Словами, исполненными нежности и любви, я старался преодолеть ее сомнения, и все же она колебалась.
– Это очень серьезный шаг, – говорила Атма. Она обдумает его в эту ночь. Завтра утром я узнаю ее решение. Ведь одна ночь – это так немного. Она хотела помолиться Исиде, чтобы та подсказала ей решение.
С тяжелым сердцем, полным недобрых предчувствий, я оставил Атму. Утром, едва закончилось раннее жертвоприношение, я поспешил к ее дому. Меня встретила испуганная рабыня.
– Госпожа больна, – сказала она, – очень больна.
Как безумный, я пробился сквозь толпу слуг и бросился через зал и коридор в комнату моей Атмы. Она лежала в беспамятстве на ложе с высоким изголовьем, лицо смертельно бледное, взор потух. На лбу виднелось темное пятно. Я знал этот проклятый знак: это был знак моровой язвы, собственноручная подпись смерти.
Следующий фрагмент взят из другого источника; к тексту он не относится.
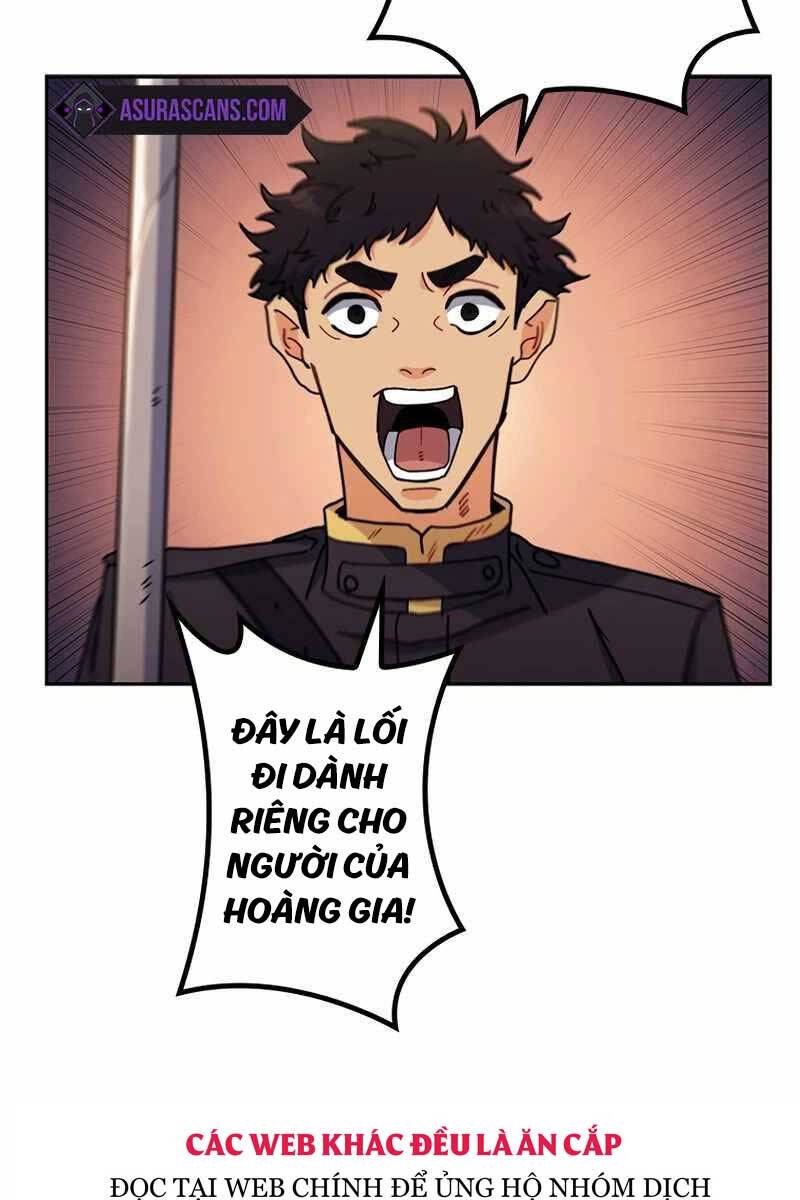 Công Tước Bạch Long Chap 89 - Next Chap 90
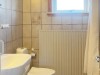 Bilde 32 - Inne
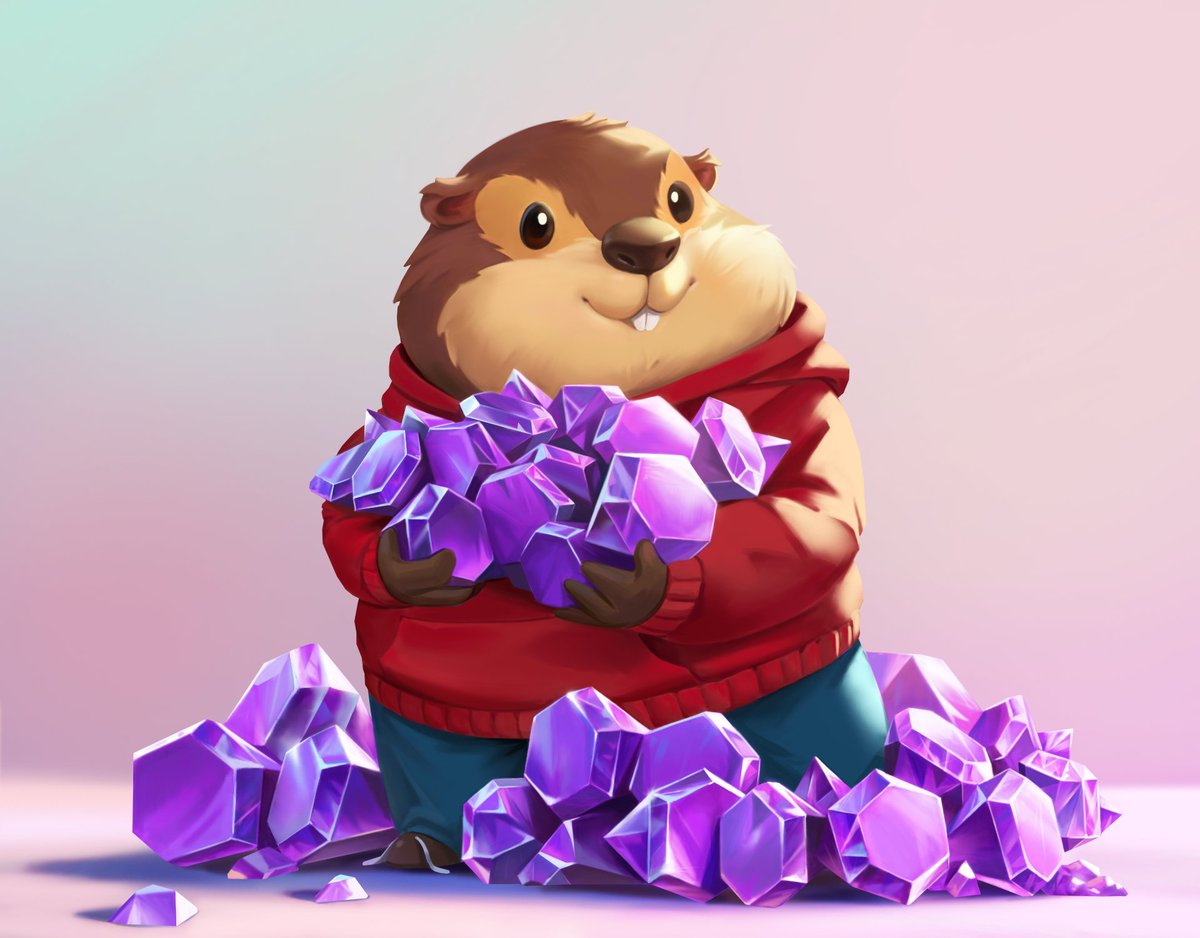 Magic Eden 🪄 tweet media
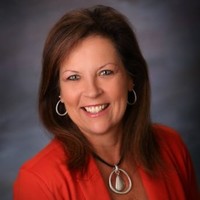Alliance Title & Escrow Employee Robin Aberasturi's profile photo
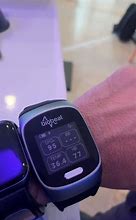 Image result for Blood Pressure Watch 6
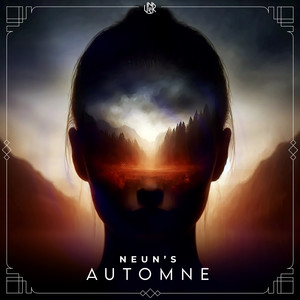 Automne
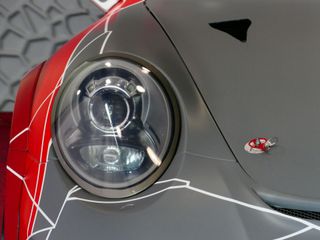 Voertuigafbeelding 28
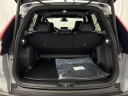 Thumbnail image of 2025 Honda CR-V Hybrid at USED Hendrick Honda Easley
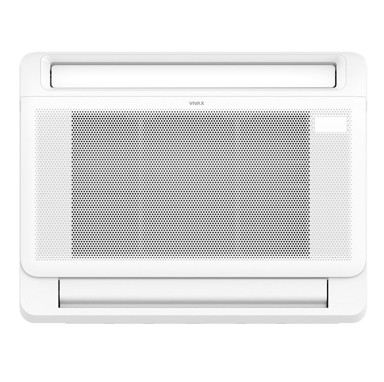 VIVAX COOL Komercijalna klima ACP-18CT50AERI+ R32, 5,28 kW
Нужно ли рассказывать вам о моем отчаянии? Много месяцев я был как безумный, лежал в жару, в бреду и все же не мог умереть. Ни один араб в пустыне не жаждал так свежей воды из родника, как я жаждал смерти. Если бы яд или сталь могли оборвать нить моей жизни, я скоро соединился бы с моей возлюбленной в стране с узкими вратами. Я делал все, чтобы умереть, но бесполезно: проклятое средство было сильнее меня. Однажды ночью, когда я, ослабевший и измученный, лежал без сна, ко мне вошел Пармс, жрец Тота. Он стоял, освещенный светильником, и глядел на меня. Глаза его сияли радостью.
– Почему ты дал девушке умереть? – спросил он. – Почему не дал ей сил, как мне?
– Я не успел, – ответил я. – Прости, я ведь забыл: ты также любил ее. Теперь мы с тобой товарищи по несчастью. Как ужасно думать, что должны пройти века, прежде чем мы снова увидим ее! Горе нам, безумцам, восстановившим против себя смерть!
– Да, ты вправе говорить так! – воскликнул с диким смехом Пармс. – Но говори о себе. Ко мне все это не имеет отношения.
– Что ты хочешь этим сказать? – воскликнул я, поднимаясь на локте. – Ах, понимаю, мой друг! Горе помутило твой рассудок!
Его лицо пылало от радости, он дергался и раскачивался как одержимый.
– Знаешь, куда я сейчас иду? – спросил он.
– Нет, – ответил я, – не знаю.
– Я иду к ней, – сказал он. – Она лежит забальзамированная в могиле за городской стеной около двух пальм.
– Зачем же ты идешь туда? – спросил я.
– Чтобы умереть! – пронзительно закричал он. – Для того, чтобы умереть. Я больше не связан оковами жизни.
– Но ведь в твоей крови течет эликсир! – воскликнул я.
– Я избавился от него, – сказал он. – Я открыл более сильное средство, которое уничтожает действие твоего эликсира. В этот миг оно властно хозяйничает в моих жилах, и через час я умру и соединюсь с ней, а ты оставайся здесь!
Взглянув на него, я понял, что он говорит правду.
– Но ведь мне; ты откроешь свой секрет?! – вскричал я.